What you will do = Only certain lines below are wanted: those starting at the line containing "Solid Wood Wall" and ending at the line containing "Imogen Cropped Wide Leg Jean - Mid Wash", both included, each retyped exactly.

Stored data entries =
........

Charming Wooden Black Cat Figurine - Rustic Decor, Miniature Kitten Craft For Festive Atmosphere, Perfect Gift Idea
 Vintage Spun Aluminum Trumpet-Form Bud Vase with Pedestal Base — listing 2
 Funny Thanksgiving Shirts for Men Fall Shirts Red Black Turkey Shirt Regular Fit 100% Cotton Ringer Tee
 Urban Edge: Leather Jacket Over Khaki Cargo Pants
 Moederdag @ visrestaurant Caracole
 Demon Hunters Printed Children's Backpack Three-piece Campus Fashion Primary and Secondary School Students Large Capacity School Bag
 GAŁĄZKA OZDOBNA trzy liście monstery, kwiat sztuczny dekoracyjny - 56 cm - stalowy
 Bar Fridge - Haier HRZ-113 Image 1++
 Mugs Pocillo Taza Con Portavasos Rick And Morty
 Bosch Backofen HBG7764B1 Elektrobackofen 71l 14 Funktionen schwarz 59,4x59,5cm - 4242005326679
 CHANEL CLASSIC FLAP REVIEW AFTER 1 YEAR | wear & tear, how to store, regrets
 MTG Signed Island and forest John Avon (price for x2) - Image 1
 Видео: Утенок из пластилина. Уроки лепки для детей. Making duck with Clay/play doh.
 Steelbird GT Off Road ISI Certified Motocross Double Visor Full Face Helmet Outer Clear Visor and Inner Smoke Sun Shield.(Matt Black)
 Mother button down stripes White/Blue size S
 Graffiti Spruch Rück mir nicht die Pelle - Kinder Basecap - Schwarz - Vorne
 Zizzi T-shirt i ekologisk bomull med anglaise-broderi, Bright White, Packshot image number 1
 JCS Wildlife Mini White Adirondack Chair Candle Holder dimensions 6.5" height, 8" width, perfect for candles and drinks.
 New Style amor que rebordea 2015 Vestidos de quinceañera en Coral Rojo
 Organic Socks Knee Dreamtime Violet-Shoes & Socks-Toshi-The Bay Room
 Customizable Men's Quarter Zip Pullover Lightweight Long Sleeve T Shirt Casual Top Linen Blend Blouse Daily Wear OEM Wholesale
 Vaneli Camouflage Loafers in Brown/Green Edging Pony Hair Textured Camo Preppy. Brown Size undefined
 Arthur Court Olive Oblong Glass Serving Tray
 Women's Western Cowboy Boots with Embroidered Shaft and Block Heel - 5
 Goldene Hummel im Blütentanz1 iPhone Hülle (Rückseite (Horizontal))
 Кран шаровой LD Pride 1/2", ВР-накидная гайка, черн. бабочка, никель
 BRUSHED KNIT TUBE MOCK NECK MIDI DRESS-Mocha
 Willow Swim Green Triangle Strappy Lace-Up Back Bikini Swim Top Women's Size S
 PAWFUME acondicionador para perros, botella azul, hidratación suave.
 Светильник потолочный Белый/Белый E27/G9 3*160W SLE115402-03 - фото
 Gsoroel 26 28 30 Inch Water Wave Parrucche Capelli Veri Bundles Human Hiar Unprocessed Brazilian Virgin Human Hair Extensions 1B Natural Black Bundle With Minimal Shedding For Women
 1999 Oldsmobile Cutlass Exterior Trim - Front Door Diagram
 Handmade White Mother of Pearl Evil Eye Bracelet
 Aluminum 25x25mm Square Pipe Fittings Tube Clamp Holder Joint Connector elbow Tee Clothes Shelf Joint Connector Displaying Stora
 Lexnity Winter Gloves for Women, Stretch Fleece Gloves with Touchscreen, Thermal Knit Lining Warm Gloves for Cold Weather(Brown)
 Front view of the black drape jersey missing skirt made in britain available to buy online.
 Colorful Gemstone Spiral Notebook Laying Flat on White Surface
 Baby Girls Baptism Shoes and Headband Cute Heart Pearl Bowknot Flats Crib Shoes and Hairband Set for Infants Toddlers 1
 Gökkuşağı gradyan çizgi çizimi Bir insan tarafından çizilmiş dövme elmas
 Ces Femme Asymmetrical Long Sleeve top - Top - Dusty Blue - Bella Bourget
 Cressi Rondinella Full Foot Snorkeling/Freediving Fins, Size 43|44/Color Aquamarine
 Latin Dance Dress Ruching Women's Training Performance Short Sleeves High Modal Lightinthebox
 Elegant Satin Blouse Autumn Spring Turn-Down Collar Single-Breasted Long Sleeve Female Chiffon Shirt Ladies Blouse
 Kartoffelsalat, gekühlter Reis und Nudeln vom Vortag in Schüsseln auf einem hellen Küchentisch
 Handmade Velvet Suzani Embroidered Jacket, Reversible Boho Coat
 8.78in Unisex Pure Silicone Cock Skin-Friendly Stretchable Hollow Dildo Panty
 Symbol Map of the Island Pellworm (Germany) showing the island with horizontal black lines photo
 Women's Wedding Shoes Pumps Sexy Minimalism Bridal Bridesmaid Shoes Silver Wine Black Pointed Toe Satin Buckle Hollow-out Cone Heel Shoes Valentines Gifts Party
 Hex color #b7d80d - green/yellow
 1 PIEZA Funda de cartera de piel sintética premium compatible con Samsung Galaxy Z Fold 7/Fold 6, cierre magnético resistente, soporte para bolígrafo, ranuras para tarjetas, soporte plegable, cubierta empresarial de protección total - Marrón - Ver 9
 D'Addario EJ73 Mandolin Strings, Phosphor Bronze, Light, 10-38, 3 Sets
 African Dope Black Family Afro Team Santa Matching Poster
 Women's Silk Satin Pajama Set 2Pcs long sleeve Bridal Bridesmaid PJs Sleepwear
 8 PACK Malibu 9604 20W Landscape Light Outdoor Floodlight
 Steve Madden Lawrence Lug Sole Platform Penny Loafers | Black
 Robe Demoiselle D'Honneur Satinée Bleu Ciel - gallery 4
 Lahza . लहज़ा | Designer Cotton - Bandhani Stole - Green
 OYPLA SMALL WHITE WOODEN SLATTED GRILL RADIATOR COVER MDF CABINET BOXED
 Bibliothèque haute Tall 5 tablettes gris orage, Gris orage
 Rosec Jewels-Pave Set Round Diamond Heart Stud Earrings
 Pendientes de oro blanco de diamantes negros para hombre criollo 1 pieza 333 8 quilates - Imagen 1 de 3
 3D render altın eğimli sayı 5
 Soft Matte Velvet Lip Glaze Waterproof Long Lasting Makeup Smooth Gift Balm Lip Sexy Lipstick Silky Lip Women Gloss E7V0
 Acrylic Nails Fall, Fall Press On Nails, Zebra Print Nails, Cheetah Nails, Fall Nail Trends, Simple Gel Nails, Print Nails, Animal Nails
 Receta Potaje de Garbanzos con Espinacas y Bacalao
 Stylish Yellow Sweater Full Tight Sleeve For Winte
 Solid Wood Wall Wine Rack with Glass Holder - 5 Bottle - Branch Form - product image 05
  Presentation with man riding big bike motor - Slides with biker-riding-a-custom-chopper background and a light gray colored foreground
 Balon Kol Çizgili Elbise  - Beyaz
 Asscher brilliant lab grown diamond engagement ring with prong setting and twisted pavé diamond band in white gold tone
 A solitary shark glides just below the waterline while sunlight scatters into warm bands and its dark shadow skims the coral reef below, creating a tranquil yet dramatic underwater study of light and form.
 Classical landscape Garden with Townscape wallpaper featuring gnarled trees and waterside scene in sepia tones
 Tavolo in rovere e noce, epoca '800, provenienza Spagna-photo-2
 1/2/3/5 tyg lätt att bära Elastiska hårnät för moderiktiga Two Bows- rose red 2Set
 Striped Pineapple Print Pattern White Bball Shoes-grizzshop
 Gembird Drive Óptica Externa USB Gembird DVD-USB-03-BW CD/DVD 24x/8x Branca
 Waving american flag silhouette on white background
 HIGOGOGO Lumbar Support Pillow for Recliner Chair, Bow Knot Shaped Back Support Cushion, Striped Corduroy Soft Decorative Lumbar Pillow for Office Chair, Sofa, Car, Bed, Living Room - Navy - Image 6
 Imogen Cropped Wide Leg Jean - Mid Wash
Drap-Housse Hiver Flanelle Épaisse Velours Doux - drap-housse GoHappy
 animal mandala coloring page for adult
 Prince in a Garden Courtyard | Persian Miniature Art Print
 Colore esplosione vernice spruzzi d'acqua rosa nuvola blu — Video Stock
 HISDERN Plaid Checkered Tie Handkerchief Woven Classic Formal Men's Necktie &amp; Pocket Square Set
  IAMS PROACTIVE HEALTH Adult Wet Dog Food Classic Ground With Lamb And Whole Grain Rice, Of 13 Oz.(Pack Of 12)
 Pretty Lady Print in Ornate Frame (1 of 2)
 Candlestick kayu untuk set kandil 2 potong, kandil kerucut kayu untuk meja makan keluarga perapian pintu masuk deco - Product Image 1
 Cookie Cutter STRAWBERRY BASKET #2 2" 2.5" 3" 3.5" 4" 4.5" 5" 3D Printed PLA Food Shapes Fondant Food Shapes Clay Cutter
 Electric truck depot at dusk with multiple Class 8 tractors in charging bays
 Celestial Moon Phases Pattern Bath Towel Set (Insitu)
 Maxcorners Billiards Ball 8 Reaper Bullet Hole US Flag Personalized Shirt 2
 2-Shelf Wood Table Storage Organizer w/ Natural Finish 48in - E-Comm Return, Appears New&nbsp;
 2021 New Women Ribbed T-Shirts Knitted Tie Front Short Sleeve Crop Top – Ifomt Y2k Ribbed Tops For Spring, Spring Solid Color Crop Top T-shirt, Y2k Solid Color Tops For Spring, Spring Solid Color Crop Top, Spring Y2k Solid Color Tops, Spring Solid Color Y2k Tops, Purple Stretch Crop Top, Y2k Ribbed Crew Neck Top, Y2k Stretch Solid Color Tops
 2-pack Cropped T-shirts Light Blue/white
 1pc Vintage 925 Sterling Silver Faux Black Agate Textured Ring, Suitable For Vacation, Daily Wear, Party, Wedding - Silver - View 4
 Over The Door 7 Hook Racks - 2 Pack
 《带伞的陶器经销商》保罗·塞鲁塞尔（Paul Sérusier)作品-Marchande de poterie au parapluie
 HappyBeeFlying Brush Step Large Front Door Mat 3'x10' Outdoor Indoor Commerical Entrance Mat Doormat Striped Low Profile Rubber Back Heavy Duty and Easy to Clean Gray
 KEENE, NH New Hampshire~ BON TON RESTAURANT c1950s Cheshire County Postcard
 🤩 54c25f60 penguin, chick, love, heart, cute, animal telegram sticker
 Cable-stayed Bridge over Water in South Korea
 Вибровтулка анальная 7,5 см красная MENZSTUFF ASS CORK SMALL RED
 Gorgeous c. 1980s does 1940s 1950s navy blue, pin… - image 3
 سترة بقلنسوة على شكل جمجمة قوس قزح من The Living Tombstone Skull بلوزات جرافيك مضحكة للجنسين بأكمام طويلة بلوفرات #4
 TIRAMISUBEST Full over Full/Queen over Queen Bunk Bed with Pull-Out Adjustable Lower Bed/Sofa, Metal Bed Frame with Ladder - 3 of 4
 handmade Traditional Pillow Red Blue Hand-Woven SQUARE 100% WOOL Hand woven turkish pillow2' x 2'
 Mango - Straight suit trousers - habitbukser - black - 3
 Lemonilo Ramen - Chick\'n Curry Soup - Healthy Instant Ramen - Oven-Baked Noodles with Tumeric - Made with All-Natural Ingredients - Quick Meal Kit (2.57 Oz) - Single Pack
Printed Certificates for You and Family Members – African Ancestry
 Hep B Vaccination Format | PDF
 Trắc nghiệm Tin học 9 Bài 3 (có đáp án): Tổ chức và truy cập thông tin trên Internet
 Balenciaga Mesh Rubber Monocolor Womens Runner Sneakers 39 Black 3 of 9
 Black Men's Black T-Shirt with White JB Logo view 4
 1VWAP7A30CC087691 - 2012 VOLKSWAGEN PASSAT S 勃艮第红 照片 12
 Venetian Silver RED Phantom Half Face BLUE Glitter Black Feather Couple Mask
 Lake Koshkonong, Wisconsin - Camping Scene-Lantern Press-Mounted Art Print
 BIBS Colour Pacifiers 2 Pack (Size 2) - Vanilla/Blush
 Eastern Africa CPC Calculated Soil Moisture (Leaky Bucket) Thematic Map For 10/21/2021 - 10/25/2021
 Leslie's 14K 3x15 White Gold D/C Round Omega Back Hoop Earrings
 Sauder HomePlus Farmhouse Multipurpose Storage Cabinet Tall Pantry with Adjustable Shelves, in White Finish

........

Problem solution =
 Solid Wood Wall Wine Rack with Glass Holder - 5 Bottle - Branch Form - product image 05
  Presentation with man riding big bike motor - Slides with biker-riding-a-custom-chopper background and a light gray colored foreground
 Balon Kol Çizgili Elbise  - Beyaz
 Asscher brilliant lab grown diamond engagement ring with prong setting and twisted pavé diamond band in white gold tone
 A solitary shark glides just below the waterline while sunlight scatters into warm bands and its dark shadow skims the coral reef below, creating a tranquil yet dramatic underwater study of light and form.
 Classical landscape Garden with Townscape wallpaper featuring gnarled trees and waterside scene in sepia tones
 Tavolo in rovere e noce, epoca '800, provenienza Spagna-photo-2
 1/2/3/5 tyg lätt att bära Elastiska hårnät för moderiktiga Two Bows- rose red 2Set
 Striped Pineapple Print Pattern White Bball Shoes-grizzshop
 Gembird Drive Óptica Externa USB Gembird DVD-USB-03-BW CD/DVD 24x/8x Branca
 Waving american flag silhouette on white background
 HIGOGOGO Lumbar Support Pillow for Recliner Chair, Bow Knot Shaped Back Support Cushion, Striped Corduroy Soft Decorative Lumbar Pillow for Office Chair, Sofa, Car, Bed, Living Room - Navy - Image 6
 Imogen Cropped Wide Leg Jean - Mid Wash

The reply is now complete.